Il prodigio di Chanukkà non risiede nella vittoria in sé, ma nella luce che continua a brillare nonostante la notte, nel riportare sacralità in un luogo devastato, nel coraggio di accendere un lume che, secondo ogni logica, avrebbe dovuto spegnersi subito.
Che significato può avere oggi un miracolo avvenuto più di duemila anni fa? Forse ci ricorda che la vita stessa è un miracolo fragile, da difendere con tenacia; che ogni lotta è vana se non conduce a un maggiore rispetto della vita; che una scintilla può durare più del previsto se la si alimenta con determinazione.
Il rito delle luci, così sobrio, custodisce una verità sorprendente: secondo la tradizione, il miracolo si rinnova ogni anno nel momento in cui un ebreo accende la propria chanukkià.
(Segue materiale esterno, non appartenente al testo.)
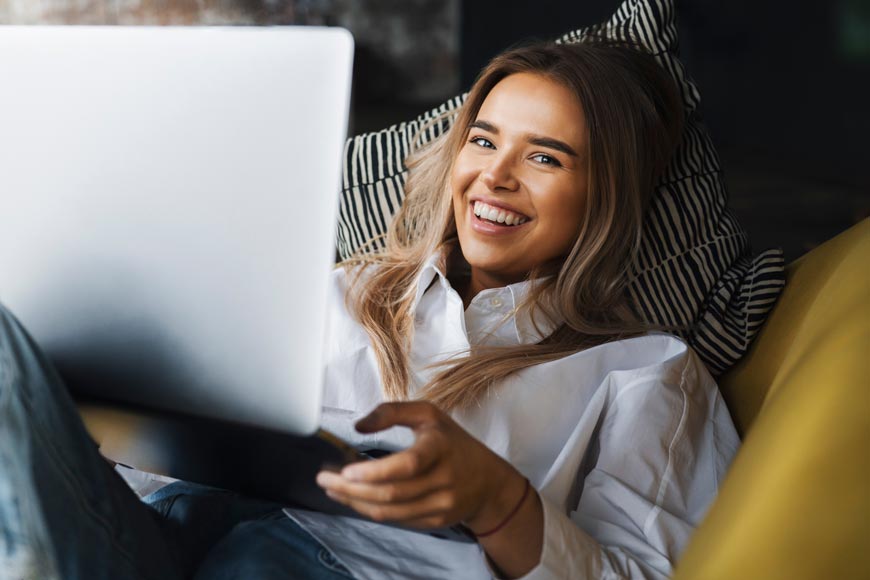 Frau liegt glücklich auf dem Sofa mit einem Laptop in den Händen.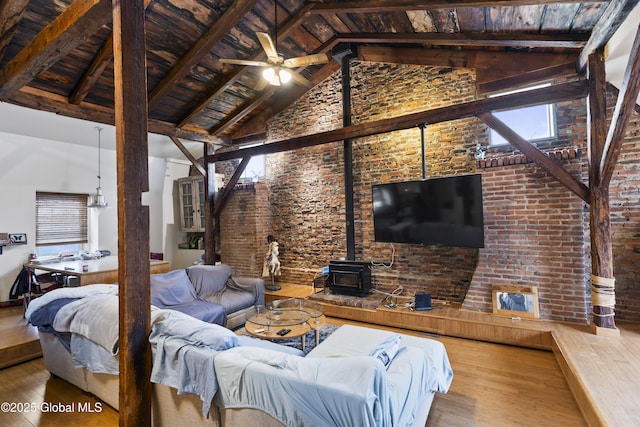 living room featuring a wood stove, wood-type flooring, beam ceiling, and wood ceiling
Quel gesto, ripetuto di generazione in generazione, diventa testimonianza della tenacia di una piccola minoranza che ha saputo preservarsi in un mondo spesso ostile alla diversità.
Così, ogni finestra illuminata diventa un invito rivolto a tutti: non lasciarsi intimidire dalla violenza, non rinunciare alla propria identità, non smettere di accendere piccole luci anche nei tempi più oscuri. In questa esposizione luminosa c’è la consapevolezza che la gioia e il mistero della sopravvivenza non appartengono solo al popolo ebraico, ma a chiunque creda che una scintilla di luce, per quanto minuta, possa resistere all’oscurità della prevaricazione.